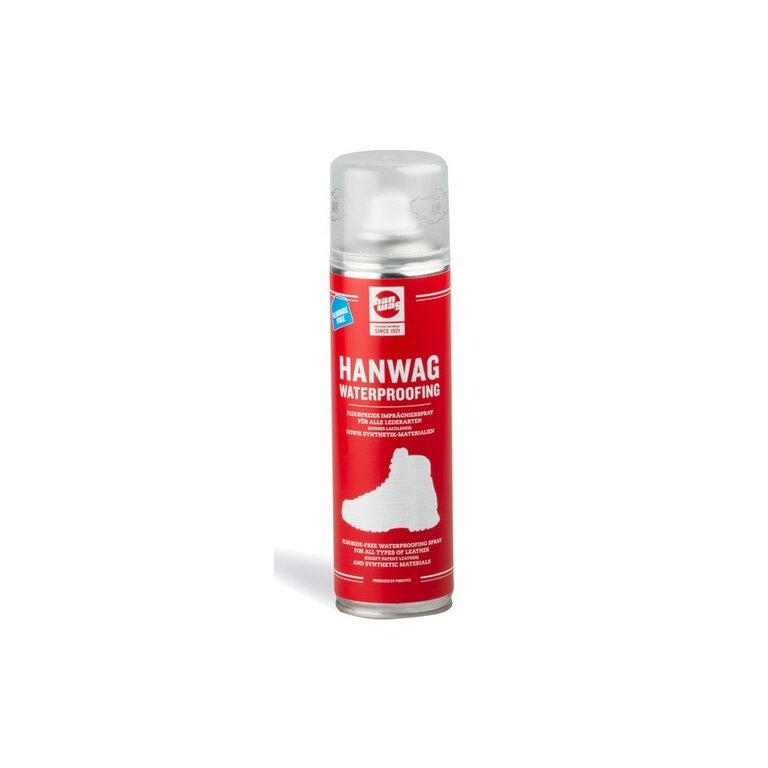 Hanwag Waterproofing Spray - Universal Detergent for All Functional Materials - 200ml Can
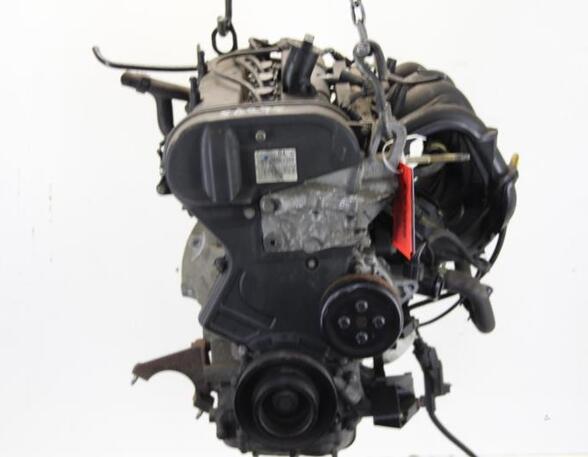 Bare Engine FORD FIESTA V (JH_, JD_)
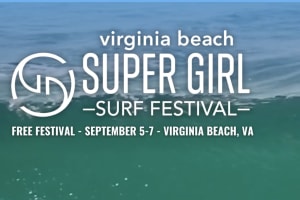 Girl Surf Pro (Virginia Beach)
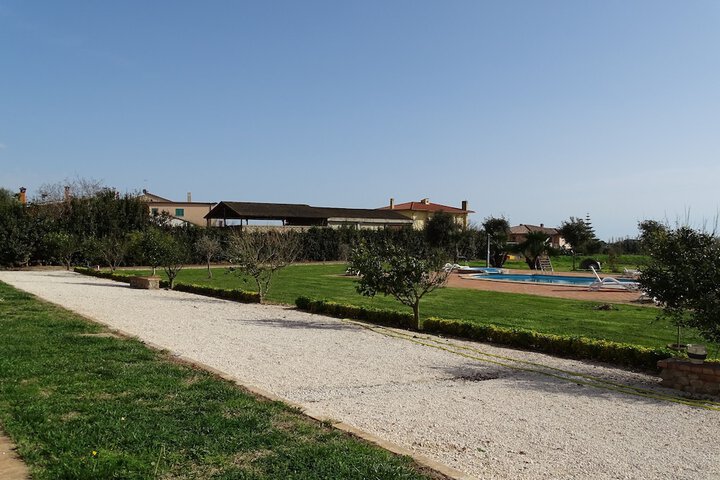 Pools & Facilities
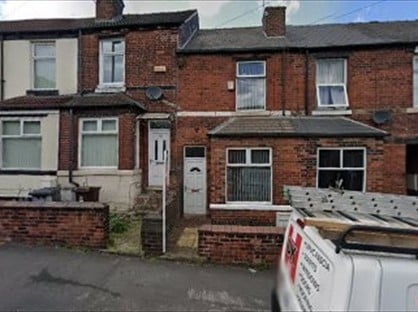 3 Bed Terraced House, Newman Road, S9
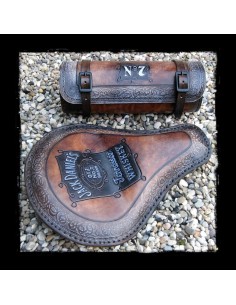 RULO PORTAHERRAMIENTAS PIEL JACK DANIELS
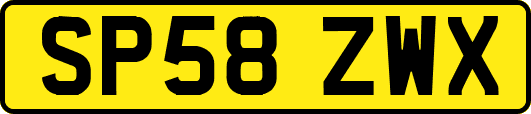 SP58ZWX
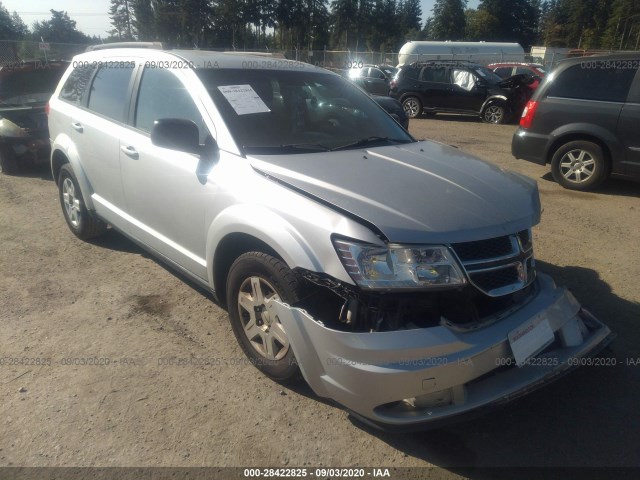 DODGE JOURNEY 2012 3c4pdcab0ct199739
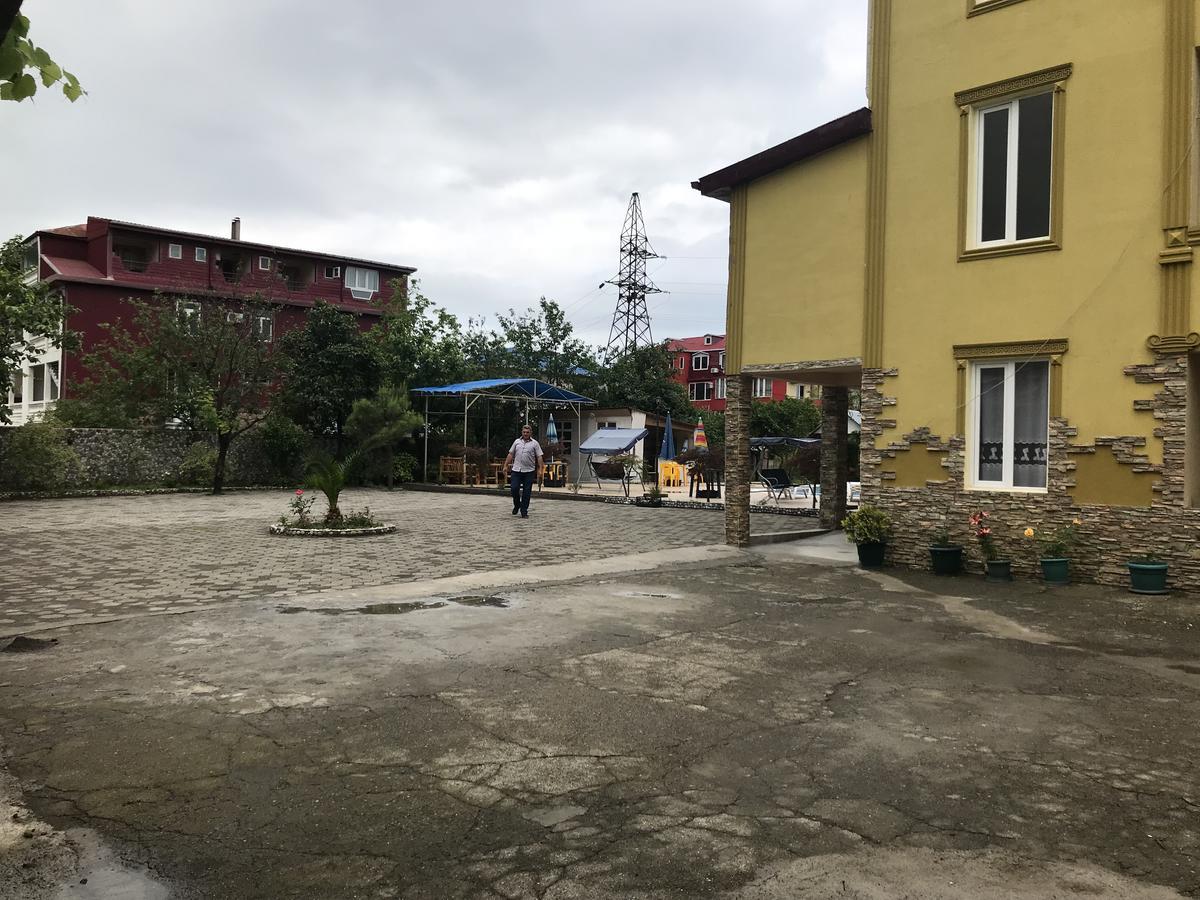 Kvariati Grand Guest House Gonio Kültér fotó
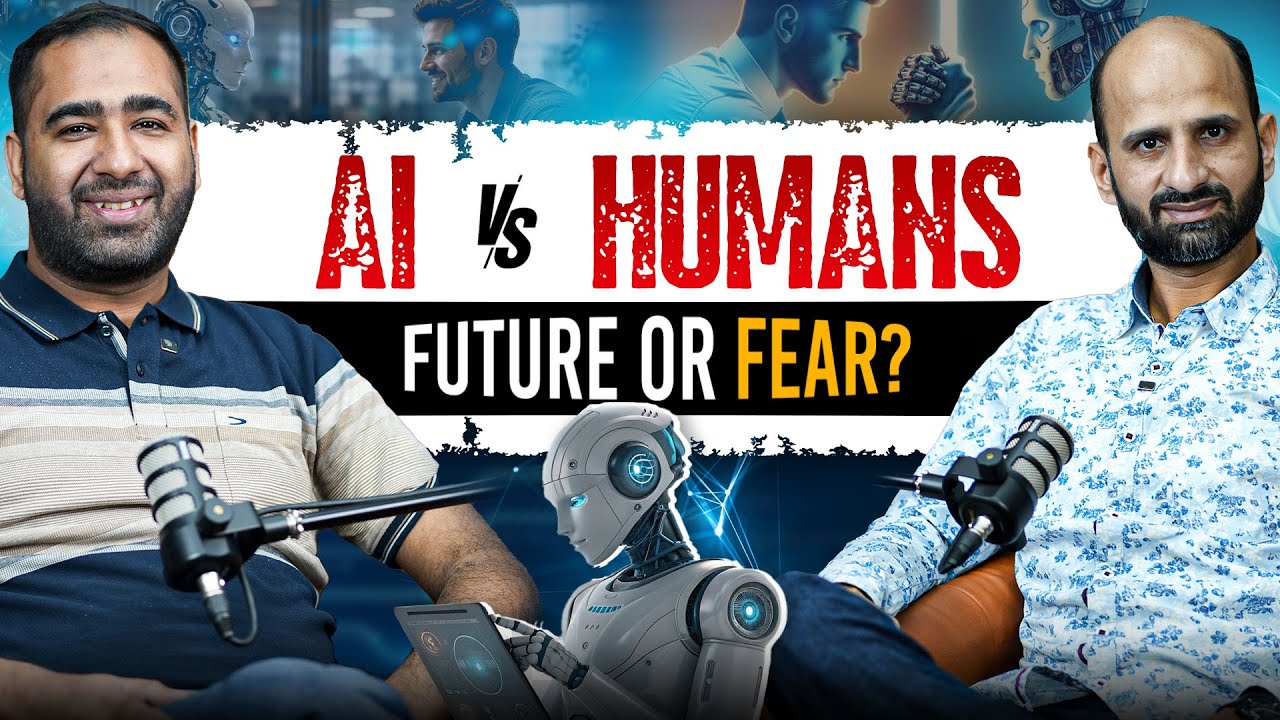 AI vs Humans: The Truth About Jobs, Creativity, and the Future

### Activity
Please repeat the lines that run from the one holding "DODGE JOURNEY 2012 3c4pdcab0ct199739" to the last line of the material, both included, exactly and without pictures.

### Exercise answer
 DODGE JOURNEY 2012 3c4pdcab0ct199739
 Kvariati Grand Guest House Gonio Kültér fotó
 AI vs Humans: The Truth About Jobs, Creativity, and the Future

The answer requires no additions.